Wednesday, March 12, 2025

Don Roy King | Swimming Instructor / 2013 [TV (SNL) episode]

he likes you

by Douglas Messerli

 

Don Roy King (director) Swimming Instructor / 2013 [5:30 minutes] [TV (SNL) episode]

 

The endless TV series Saturday Night Live has had so very many LGBTQ+ sketches, particularly under the directorship of Don Roy King, that it is sometimes difficult to know how to choose among them. If nothing else, one might argue that they constitute some of the best satires of the vast catalogue of satiric sketches that the television hit ever produced.

    In Swimming Instructor, a basically unexperienced would-be swimmer, Terry (Will Forte) goes in search of an Olympic gold by signing up with the supposedly legendary swimming instructor Doug Frangello (John C. Reilly), who has apparently taught many an Olympic athlete how to become a winner.

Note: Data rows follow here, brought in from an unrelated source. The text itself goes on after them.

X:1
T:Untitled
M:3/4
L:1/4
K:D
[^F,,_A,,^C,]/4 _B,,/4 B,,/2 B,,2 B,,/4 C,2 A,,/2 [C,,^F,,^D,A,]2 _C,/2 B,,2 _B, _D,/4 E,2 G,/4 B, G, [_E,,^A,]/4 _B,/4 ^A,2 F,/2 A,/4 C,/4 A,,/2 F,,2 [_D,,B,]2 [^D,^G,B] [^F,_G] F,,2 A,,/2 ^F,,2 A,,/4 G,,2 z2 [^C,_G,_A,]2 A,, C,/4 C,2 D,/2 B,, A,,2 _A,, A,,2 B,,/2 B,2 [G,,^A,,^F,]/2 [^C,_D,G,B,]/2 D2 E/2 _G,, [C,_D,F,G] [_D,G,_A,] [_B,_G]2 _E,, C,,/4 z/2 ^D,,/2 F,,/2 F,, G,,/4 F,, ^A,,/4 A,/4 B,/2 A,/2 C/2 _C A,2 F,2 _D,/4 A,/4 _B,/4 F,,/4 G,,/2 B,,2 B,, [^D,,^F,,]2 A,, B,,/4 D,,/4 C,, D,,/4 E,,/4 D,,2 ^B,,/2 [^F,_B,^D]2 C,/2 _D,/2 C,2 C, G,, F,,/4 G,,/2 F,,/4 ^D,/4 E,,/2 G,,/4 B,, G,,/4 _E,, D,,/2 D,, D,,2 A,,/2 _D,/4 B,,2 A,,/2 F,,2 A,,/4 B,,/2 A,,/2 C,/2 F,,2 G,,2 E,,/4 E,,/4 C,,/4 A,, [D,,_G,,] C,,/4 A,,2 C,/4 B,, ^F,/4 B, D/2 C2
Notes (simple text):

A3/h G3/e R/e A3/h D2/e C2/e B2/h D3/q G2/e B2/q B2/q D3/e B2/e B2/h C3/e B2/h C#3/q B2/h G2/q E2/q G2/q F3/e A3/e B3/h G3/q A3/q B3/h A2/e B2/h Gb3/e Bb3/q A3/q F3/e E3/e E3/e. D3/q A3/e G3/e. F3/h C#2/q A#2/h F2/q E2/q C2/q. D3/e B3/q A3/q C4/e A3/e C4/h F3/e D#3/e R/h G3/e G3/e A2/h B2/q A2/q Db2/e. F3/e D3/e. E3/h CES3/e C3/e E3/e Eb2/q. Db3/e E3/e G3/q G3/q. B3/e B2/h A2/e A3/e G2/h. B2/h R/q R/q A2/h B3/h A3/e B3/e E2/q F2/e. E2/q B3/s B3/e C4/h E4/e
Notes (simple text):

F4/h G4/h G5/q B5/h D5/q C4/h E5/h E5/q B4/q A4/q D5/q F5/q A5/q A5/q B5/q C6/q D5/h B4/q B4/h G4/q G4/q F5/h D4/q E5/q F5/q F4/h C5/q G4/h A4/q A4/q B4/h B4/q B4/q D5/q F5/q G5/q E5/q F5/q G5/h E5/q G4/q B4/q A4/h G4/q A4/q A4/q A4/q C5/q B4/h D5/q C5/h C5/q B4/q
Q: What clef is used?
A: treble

     What hasn’t previously come to light is that his method is not to get into the pool with the would-be swimmers, but to strap them on to the front of his body where, as he attempts to teach them the basic swimming maneuvers he also frots them with his own body, resulting in loads of pleasure for the overweight teacher and a great deal of disconcertion for his uncomfortable students. He explains that they will have a year of “dry-dock” training before he actually takes him into the water. As Doug comments during their go at the crawl stroke: “He likes you!” Soon after he pauses to adjust his penis.

     Escape is nearly impossible, since they are quite literally strapped in and trapped. No one explains why they might keep coming for more lessons.

     In this case, after a year of land training, we are told, Terry finally hit the pool where he sank immediately and lapsed into a coma. After 40 years, Terry came out of the coma and took the gold medal 2048 Coma survivors Olympic in Tel Aviv. Actually, it was third place, but that too was a “gold” medal.

     It’s hard to imagine how such an obvious expression of male-on-male sexuality might be received today. In the 1990s and the first two decades of this century things were seemingly much more open on TV than they are today.

 

Los Angeles, March 12, 2025

Reprinted from My Queer Cinema blog (March 2025).